Can the generalized continuum hypothesis be disguised as a principle of logic?

Question

A cool way to formulate the axiom of choice (AC) is:

AC. For all sets $X$ and $Y$ and all predicates $P : X \times Y \rightarrow \rm\{True,False\}$, we have: $$(\forall x:X)(\exists y:Y)P(x,y) \rightarrow (\exists f : X \rightarrow Y)(\forall x:X)P(x,f(x))$$

Note the that converse is a theorem of ZF, modulo certain notational issues.

Anyway, what I find cool about formulating AC this way is that, okay, maybe its just me, but this formulation really "feels" like a principle of logic, as opposed to set theory. I mean, its just saying that we can commute an existential quantifier $(\exists y:Y)$ left across a universal quantifier $(\forall x:X)$ so long as we replace existential quantification over the elements of $Y$ with existential quantification over functions from $X$ into $Y.$ And sure, "function" is a set-theoretic concept; nonetheless, this feels very logical to me.

Question. Can the generalized continuum hypothesis also be formulated in a similar way, so that it too feels like a principle of logic?

Obviously this is pretty subjective, so lets lay down some ground rules.

1. The axiom should be equivalent to the generalized continuum hypothesis over ZFC.
2. It has to be two lines or fewer. No sprawling 4-page axioms, thank you very much!
3. Use of concepts like "function" and "predicate" is good and desirable.
4. Use of the concepts injection/surjection/bijection is moderately frowned upon.
5. Completely disallowed: use of cardinality and/or cardinal numbers; use of ordinal numbers; mentioning $\mathbb{N}$ or $\omega$ or the words "finite" or "infinite."

Answer 1

Certainly, the Continuum Hypothesis (simple or generalised) can be formulated in the language of pure second-order logic.

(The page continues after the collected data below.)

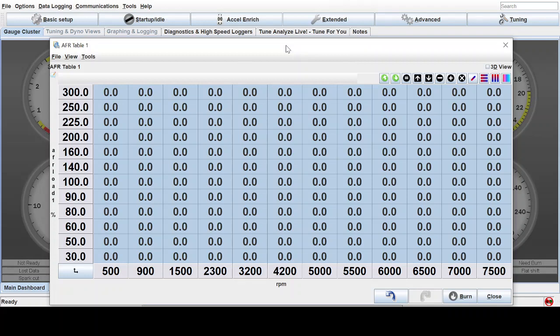All right, let's get started. I have a tutorial for you on how to hash out an air-fuel ratio target table in Tuner Studio, aka Megasquirt.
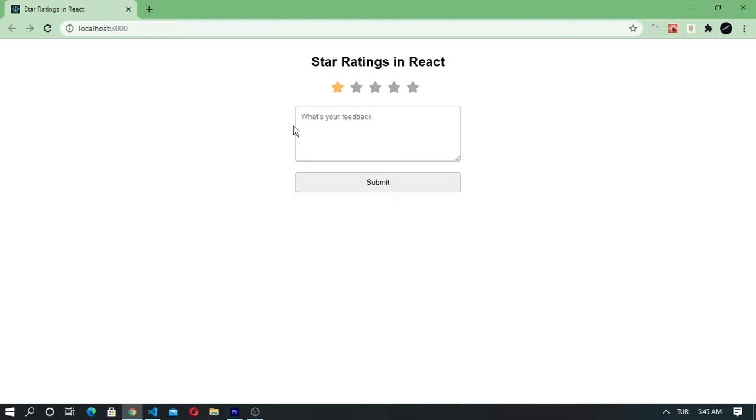Hey guys, welcome to my YouTube channel. In this tutorial we are going to create star ratings in React. This is the finished version.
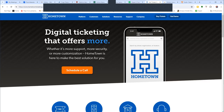We also want to thank Hometown Ticketing, the leading digital ticketing provider to schools and colleges. I don't think I need to say anything more. Go to HometownTicketing.com — it's digital ticketing that offers more.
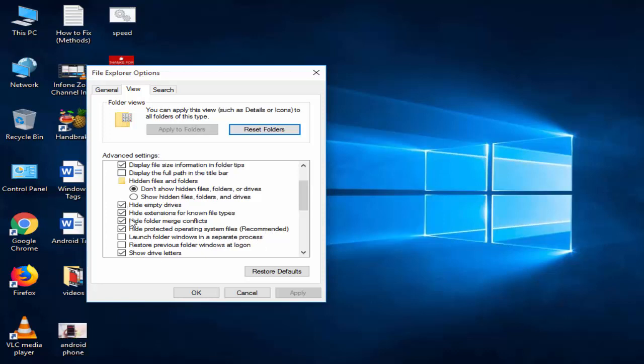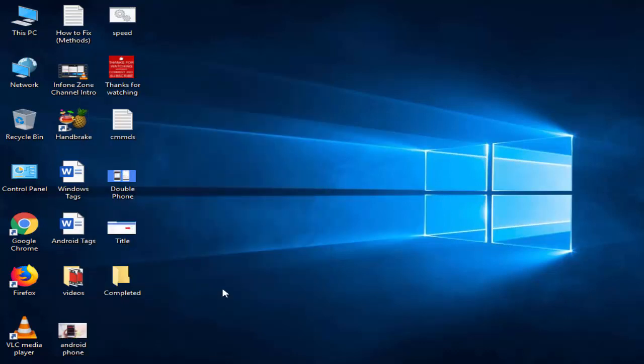You need to check all four options, then click Apply and OK. So I hope you liked this video. Thanks for watching. Please like, share, and subscribe to my channel.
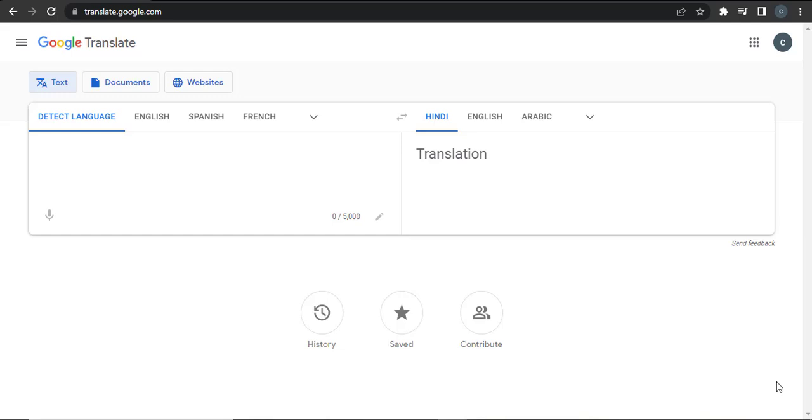Hi guys, in this video I'm going to show you how you can change voices in Google Translate. Changing voices in Google Translate really means changing the speaking language of the text you enter. Let's say you enter something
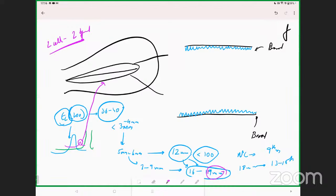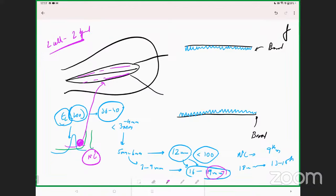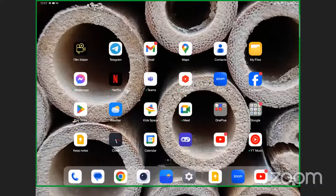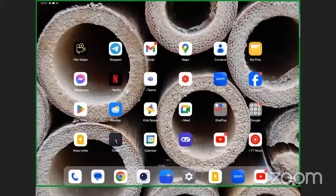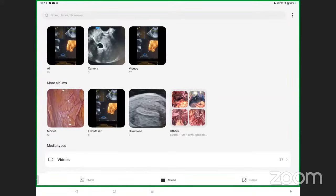This peak of progesterone causes the beginning of secretory changes to occur inside the endometrium, occurring at around the 19-millimeter follicle size, slightly before the LH surge. As a result, when you see an endometrium which is just about to become slightly hazy, you should suspect that progesterone has risen. From there on, the endometrium starts getting secretory changes in a natural cycle. Now I will switch to a simple video on the actual method of performing this technique.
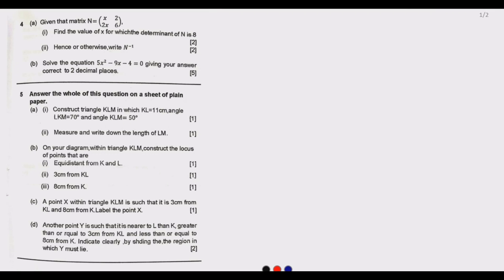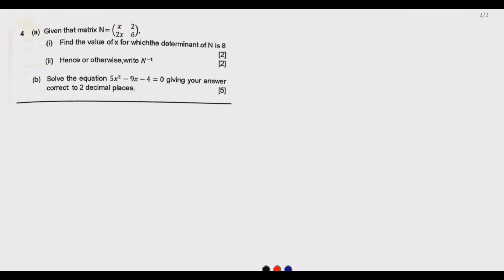Welcome to today's session. We continue looking at the August 2022 Grade 12 GCE exams from the Examination Council of Zambia. Today's question of interest is question number four — we've done questions one, two, and three in the first three episodes. Question four has got nine marks, so let us zoom in and focus on it.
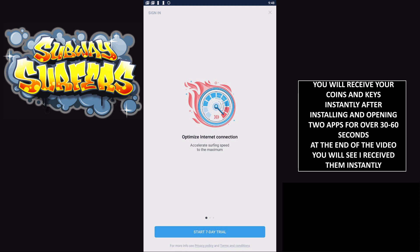I've noticed that sometimes I don't get the coins and keys right away even though I left the apps open for over 60 seconds. The way I solve that is I just install more apps and leave them open for longer. That's usually the best way. I'll also try different devices, and that usually works for me.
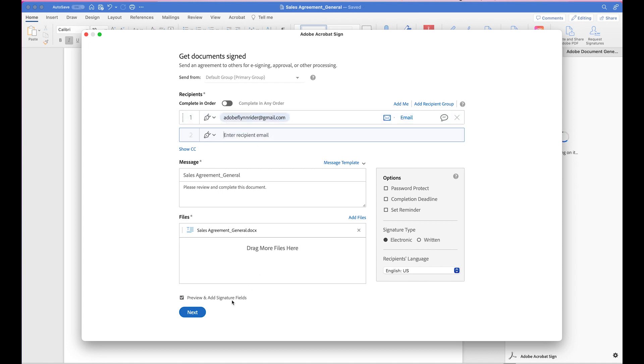And before sending it out, I want to look at and make sure that all the signature fields are correct. So I'm going to click on Preview and Add Signature Fields, and hit Next.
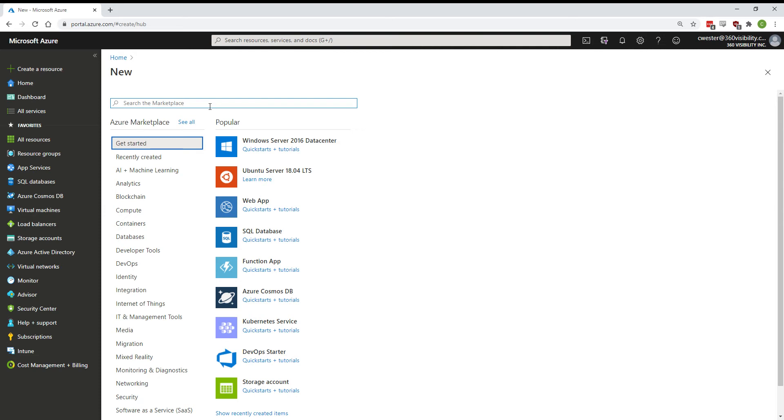Today I'm going to walk you through how to create a storage account and use it as a domain-joined file share using Azure Files.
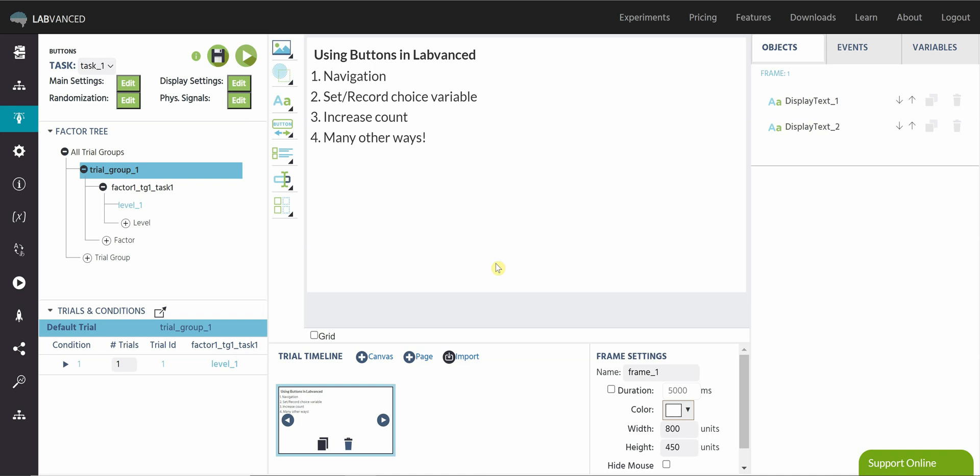Hi everyone. Today we're going to be talking about using buttons in Labvanced, and there are several different ways you can use them.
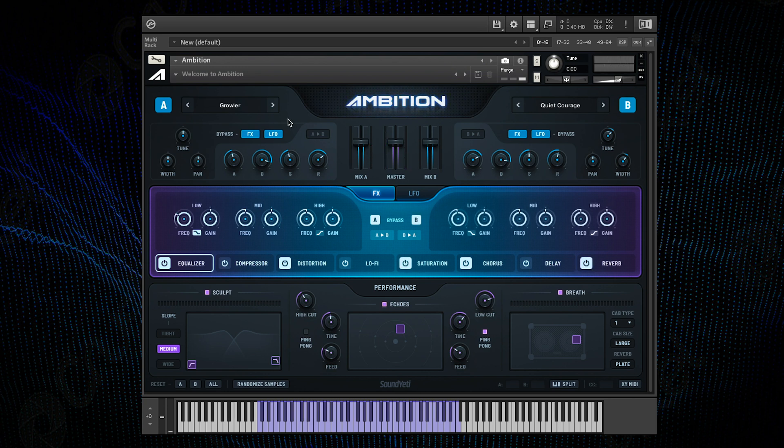So from here I want to start manipulating and shaping the sound. I'm going to work down throughout the GUI and choose what I want to apply to it, starting off with the effects.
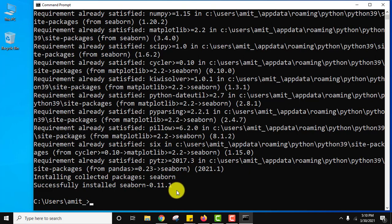So guys, in this video we saw how we can easily install Seaborn Python library on Windows 10. If you like the video, do subscribe to our channel Amit Thinks.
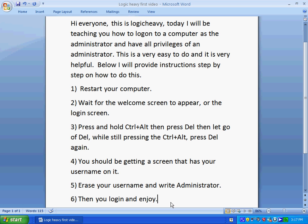You should get a screen that shows your username. You're going to erase your username and write "administrator." Once you write administrator, you're going to be logged into the computer as the administrator.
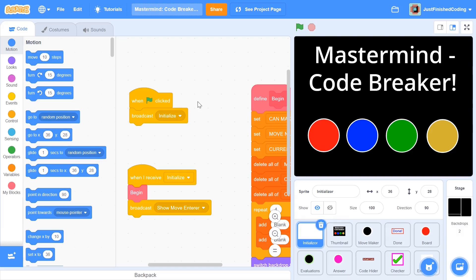What's up everyone, welcome back to Just Finished Coding. This is part 7 of our Mastermind series on Scratch 3. So let's get coding.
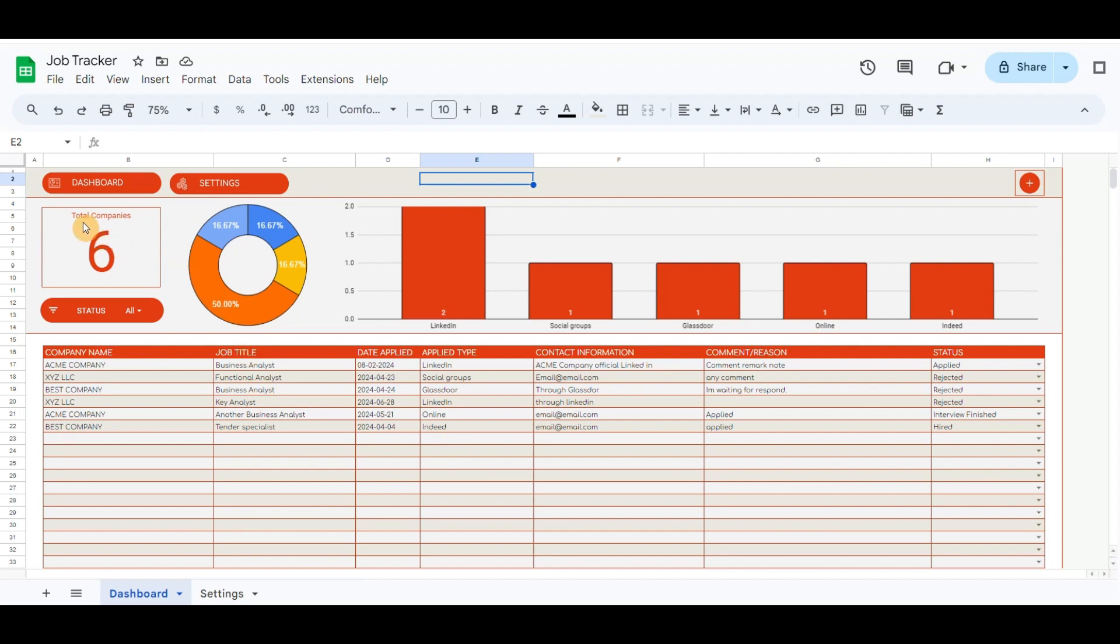Below is the scorecard chart that will update the total applied companies that will be listed in the table. The filter button will filter all the statuses and select only the chosen status.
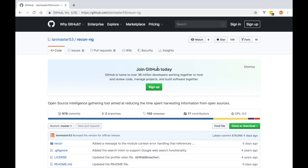Hello everybody. I toyed with the idea of throwing together an article about all the new stuff implemented in Recon-ng, but I realized that article would be very long — it would take you a long time to read, and about ten times longer to write. So instead I decided to do a quick screencast of the changes that have taken place, to give everybody an idea of what's new and how to use it.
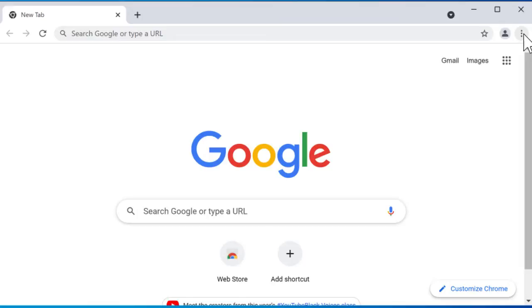I'm here in my Chrome browser. You can use any Chromium browser as you want. So Chrome, Brave, Edge, any other browser like that will work.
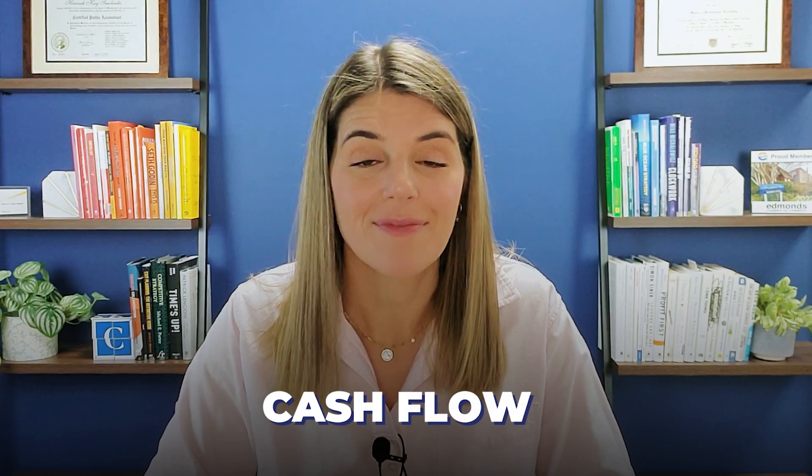Cash flow. Very simply, what is cash flow? It just means the money coming in and the money going out. So when we talk about business, it's the money coming into the business and the money going out of the business.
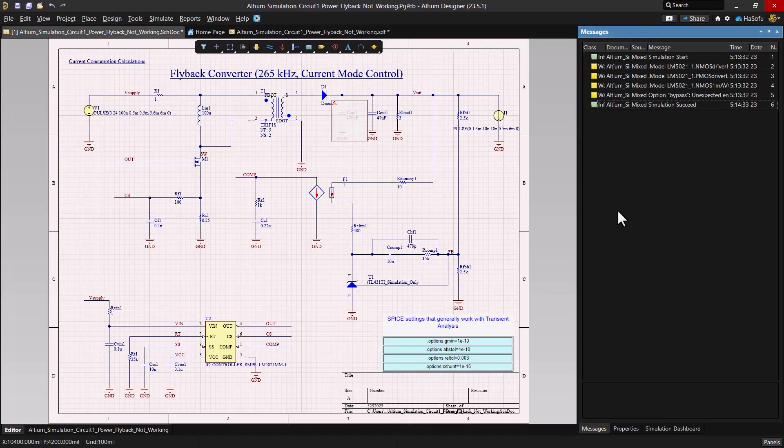All right, so I've covered the main steps you'd consider to troubleshoot and correct a flyback converter design. Thanks for watching.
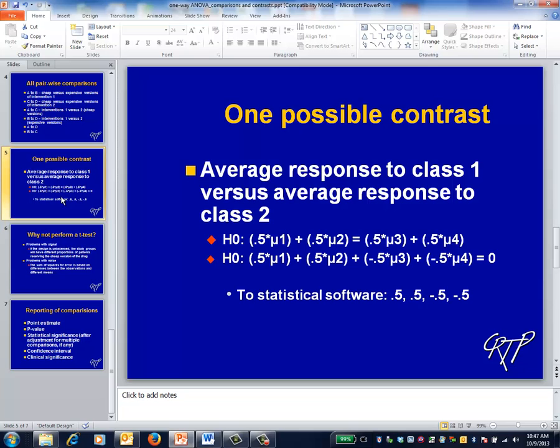The slide illustrates the formula. At the end of the day, it generates plus 0.5, plus 0.5, minus 0.5, minus 0.5, which is the information that you transmit to your statistical software in order to actually implement the contrast. We won't require you to do this in our course.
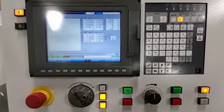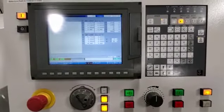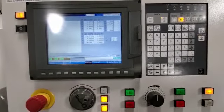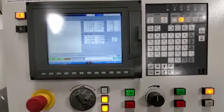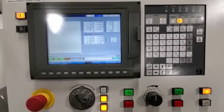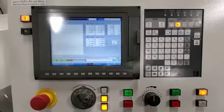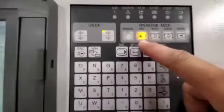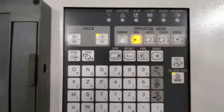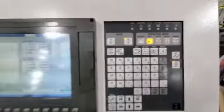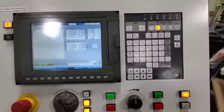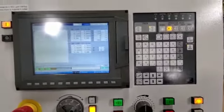In this video on our Citizen L20 WorkCenter 302, I am going to go over another mode. That mode is MDI. So MDI stands for manual data input.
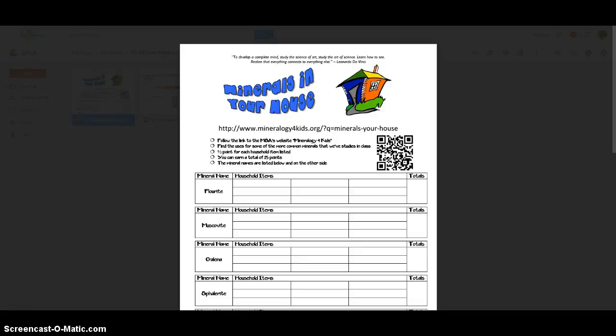Hey there class. I thought maybe I'd give a quick overview of the directions here for you for the minerals in your house worksheet. I think it's going to be a worksheet that'll really kind of surprise you a little bit.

This is done explicitly in Stewart Shapiro's wonderful book on second-order logic, Foundations without Foundationalism: see pp. 105-106.

The full story is a bit too long to give here. But as a taster, you start off by essentially using Dedekind's definition of infinity, so that you define Inf(X), for $X$ a property, as

$$\exists f[\forall x\forall y(fx = fy \to x = y) \land \forall x(Xx \to Xfx) \land \exists y(Xy \land \forall x(Xx \to fx \neq y))].$$

Ok, the first clause of this imposes the requirement that $f$ is injective: but we have done this in purely logical terms, so that shouldn't look worrying to someone looking for logical principles!

Now we can carry on through a sequence of such definitions until you get to a sentence, still in the pure language of second-order logic, which formulates CH. Then with a bit more work we can go on to construct a sentence which expresses GCH. Further details are spelt out in Shapiro.

However, as Asaf rightly points out below, it is one thing to say that a statement can be formulated in the language of pure second-order logic, and another thing to say that it is a logical principle. And it is indeed a nice question what that actually means. Still, we can say this much: as Shapiro notes, on a standard account of the semantics of full second-order logic it turns out that either CH or NCH (a certain natural formulation of the falsity of the continuum hypothesis) must be a logical truth of full second-order logic. But here's the snag: we don't know which!